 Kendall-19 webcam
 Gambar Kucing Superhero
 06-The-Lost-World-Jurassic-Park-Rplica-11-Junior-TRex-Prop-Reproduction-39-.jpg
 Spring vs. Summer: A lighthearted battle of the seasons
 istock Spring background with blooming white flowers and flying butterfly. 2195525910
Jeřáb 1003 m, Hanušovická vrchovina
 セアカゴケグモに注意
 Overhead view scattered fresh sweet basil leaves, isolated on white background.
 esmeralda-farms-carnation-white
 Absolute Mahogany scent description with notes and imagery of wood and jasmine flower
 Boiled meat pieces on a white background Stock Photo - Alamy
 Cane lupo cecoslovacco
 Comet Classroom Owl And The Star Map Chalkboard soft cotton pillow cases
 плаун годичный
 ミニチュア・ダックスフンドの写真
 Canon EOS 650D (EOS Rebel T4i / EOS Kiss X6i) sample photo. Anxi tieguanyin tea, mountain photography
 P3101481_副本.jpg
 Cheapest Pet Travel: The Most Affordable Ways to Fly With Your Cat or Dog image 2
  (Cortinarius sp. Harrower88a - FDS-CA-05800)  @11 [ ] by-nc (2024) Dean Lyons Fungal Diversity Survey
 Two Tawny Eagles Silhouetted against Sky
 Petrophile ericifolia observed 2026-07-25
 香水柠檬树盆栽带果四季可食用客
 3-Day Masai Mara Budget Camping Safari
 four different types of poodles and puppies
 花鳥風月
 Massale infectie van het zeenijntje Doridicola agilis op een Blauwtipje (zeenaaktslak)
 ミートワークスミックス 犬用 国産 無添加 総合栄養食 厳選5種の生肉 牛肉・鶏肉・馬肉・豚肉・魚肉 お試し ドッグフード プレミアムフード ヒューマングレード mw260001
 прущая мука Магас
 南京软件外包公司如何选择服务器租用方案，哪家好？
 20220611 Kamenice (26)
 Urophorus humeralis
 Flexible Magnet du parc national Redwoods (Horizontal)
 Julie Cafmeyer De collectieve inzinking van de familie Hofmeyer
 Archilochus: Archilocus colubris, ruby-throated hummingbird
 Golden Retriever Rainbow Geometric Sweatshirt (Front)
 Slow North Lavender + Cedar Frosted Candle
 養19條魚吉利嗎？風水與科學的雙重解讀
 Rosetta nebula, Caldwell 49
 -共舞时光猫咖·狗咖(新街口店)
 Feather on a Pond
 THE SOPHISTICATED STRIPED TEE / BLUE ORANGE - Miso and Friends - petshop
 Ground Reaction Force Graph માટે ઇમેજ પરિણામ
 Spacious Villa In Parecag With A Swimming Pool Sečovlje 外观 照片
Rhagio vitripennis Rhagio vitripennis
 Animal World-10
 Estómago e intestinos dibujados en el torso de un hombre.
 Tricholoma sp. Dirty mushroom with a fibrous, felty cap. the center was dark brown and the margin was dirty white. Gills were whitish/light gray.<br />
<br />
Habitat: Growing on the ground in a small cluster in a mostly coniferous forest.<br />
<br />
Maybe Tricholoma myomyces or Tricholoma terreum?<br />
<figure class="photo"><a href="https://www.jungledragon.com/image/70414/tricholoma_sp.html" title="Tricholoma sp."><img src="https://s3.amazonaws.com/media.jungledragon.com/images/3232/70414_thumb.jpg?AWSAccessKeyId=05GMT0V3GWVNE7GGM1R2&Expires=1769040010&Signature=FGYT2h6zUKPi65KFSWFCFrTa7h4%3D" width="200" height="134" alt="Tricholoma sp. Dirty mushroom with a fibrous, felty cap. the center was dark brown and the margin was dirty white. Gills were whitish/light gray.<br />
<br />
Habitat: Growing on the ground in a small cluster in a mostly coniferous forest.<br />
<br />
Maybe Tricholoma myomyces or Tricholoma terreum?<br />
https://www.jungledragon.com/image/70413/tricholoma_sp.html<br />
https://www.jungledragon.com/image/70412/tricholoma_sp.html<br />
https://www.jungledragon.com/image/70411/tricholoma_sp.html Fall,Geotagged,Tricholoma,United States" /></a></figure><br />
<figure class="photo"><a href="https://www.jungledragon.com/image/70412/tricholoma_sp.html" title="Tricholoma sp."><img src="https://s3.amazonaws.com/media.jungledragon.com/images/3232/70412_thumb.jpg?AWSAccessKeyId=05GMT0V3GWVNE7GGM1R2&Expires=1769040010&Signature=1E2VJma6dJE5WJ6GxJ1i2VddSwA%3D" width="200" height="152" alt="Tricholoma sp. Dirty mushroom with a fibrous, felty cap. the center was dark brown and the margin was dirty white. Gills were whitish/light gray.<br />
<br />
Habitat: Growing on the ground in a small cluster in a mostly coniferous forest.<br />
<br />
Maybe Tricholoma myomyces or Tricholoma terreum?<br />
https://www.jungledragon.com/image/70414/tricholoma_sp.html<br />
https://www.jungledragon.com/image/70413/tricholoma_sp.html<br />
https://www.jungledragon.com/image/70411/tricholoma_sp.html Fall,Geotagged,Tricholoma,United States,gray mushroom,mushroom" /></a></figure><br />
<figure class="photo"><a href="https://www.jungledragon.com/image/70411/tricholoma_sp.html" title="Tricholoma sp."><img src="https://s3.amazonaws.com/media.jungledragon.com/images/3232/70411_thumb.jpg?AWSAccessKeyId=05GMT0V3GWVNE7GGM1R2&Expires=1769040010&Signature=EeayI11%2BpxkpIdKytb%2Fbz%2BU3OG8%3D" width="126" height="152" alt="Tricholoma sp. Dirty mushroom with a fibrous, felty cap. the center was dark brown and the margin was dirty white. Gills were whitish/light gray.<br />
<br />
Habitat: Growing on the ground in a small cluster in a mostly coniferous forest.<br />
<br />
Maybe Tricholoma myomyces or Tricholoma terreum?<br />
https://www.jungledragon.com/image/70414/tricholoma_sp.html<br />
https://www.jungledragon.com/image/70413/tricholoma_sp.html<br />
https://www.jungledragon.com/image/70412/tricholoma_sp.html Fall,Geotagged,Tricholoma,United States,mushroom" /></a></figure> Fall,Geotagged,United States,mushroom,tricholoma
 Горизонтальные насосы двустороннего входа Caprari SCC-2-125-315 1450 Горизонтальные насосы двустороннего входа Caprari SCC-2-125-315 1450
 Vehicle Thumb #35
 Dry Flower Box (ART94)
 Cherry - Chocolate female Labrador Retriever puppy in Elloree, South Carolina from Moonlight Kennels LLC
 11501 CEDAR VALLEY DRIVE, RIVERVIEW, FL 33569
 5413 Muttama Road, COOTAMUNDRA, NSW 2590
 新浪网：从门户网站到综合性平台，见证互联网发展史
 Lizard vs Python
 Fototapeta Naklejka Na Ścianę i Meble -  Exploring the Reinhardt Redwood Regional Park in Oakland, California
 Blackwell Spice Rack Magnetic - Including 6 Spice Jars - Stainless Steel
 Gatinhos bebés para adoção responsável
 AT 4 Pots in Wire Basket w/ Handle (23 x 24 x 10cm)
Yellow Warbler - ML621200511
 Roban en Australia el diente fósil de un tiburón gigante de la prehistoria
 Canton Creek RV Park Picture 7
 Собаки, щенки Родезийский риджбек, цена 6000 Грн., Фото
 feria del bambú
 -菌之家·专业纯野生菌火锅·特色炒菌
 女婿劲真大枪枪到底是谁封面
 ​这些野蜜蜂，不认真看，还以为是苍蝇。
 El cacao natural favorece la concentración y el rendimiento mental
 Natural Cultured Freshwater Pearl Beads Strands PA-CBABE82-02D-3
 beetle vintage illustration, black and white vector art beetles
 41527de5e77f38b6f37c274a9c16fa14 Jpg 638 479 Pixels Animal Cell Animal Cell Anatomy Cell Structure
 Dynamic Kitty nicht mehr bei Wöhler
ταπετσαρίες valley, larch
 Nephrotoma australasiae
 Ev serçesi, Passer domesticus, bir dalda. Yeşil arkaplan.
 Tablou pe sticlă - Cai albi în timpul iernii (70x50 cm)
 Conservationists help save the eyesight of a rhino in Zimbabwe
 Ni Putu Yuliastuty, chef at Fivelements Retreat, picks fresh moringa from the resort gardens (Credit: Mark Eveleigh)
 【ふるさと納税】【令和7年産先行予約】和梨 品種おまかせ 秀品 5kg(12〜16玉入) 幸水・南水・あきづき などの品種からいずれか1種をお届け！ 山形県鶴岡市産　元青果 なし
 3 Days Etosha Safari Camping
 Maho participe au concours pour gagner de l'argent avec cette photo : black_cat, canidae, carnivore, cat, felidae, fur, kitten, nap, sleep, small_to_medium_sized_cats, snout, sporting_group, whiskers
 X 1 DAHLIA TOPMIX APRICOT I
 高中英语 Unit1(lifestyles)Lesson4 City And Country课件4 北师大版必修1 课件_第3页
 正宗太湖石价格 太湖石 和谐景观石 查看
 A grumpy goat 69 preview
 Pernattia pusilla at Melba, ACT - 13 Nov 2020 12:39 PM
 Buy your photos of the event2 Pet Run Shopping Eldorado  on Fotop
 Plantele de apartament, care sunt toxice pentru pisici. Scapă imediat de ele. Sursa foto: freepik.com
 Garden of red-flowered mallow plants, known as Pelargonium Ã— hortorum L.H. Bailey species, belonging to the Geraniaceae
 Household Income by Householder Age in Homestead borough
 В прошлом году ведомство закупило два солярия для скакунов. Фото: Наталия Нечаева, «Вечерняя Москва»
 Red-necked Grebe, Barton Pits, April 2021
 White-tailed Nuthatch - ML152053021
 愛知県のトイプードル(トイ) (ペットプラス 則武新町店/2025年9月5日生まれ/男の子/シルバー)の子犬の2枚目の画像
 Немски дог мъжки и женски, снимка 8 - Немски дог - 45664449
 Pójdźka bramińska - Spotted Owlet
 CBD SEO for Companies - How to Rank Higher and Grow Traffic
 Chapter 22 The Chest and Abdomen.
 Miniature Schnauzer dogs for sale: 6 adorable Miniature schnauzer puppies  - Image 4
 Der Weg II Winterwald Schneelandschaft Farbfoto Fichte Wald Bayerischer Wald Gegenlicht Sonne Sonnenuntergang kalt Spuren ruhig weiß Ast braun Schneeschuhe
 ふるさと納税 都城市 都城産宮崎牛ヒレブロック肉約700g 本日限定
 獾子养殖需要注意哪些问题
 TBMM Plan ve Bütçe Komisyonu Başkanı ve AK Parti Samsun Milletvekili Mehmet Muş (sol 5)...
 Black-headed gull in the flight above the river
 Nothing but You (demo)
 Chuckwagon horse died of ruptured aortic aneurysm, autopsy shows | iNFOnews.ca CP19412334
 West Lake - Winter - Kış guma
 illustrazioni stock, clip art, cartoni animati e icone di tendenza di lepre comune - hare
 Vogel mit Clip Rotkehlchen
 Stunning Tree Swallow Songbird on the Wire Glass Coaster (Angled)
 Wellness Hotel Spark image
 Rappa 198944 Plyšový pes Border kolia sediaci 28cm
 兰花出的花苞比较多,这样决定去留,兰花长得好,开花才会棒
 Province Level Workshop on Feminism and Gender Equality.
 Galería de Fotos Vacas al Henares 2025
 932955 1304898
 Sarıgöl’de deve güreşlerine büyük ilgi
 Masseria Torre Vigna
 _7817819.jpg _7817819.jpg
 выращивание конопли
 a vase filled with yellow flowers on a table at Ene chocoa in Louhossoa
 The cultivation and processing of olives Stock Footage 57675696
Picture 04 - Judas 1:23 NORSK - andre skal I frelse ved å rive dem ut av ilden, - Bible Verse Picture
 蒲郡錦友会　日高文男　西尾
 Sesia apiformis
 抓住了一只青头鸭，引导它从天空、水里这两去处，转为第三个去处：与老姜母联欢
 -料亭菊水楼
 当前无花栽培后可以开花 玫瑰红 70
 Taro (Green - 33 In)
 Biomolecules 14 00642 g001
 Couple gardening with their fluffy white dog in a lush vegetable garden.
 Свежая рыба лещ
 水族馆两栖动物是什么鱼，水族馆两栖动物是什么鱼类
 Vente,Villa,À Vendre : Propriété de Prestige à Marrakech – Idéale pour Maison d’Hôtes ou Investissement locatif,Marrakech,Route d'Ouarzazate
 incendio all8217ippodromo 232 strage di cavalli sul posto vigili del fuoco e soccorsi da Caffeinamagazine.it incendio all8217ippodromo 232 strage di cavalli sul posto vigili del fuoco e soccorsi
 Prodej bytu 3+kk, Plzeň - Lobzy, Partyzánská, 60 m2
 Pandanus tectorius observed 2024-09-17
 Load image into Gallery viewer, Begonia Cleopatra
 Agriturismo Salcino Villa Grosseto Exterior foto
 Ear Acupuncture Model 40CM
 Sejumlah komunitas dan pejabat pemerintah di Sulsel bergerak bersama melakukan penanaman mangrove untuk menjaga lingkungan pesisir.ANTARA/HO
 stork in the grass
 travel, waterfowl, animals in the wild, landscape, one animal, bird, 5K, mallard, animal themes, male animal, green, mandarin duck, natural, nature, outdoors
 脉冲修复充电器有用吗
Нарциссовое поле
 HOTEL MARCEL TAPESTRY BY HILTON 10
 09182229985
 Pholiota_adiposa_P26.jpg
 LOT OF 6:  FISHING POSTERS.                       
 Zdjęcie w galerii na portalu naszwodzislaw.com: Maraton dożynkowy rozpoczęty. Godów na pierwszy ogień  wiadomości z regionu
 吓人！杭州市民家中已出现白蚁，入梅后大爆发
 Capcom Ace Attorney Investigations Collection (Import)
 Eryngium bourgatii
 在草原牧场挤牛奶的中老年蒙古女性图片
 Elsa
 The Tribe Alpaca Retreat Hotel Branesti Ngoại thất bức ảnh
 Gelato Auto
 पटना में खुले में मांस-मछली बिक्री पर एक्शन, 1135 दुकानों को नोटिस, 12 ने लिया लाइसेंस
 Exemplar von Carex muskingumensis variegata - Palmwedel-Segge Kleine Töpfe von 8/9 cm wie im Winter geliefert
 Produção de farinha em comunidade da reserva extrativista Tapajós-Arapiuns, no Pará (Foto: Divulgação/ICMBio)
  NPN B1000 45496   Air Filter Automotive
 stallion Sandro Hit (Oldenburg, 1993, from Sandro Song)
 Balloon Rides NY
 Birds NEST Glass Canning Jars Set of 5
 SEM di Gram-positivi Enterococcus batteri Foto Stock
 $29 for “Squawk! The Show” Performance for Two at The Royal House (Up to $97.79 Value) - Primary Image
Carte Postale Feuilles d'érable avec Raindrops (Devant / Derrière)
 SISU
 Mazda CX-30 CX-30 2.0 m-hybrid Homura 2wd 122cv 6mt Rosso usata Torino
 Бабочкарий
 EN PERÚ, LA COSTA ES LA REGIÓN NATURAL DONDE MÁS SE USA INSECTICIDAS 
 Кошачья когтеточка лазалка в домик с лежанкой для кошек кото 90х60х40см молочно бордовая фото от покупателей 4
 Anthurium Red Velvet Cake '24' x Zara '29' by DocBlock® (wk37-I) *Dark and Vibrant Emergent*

◆ **Work item**: Copy out the lines above with "Retriever" in them.

◆ **Exercise response**:
 Golden Retriever Rainbow Geometric Sweatshirt (Front)
 Cherry - Chocolate female Labrador Retriever puppy in Elloree, South Carolina from Moonlight Kennels LLC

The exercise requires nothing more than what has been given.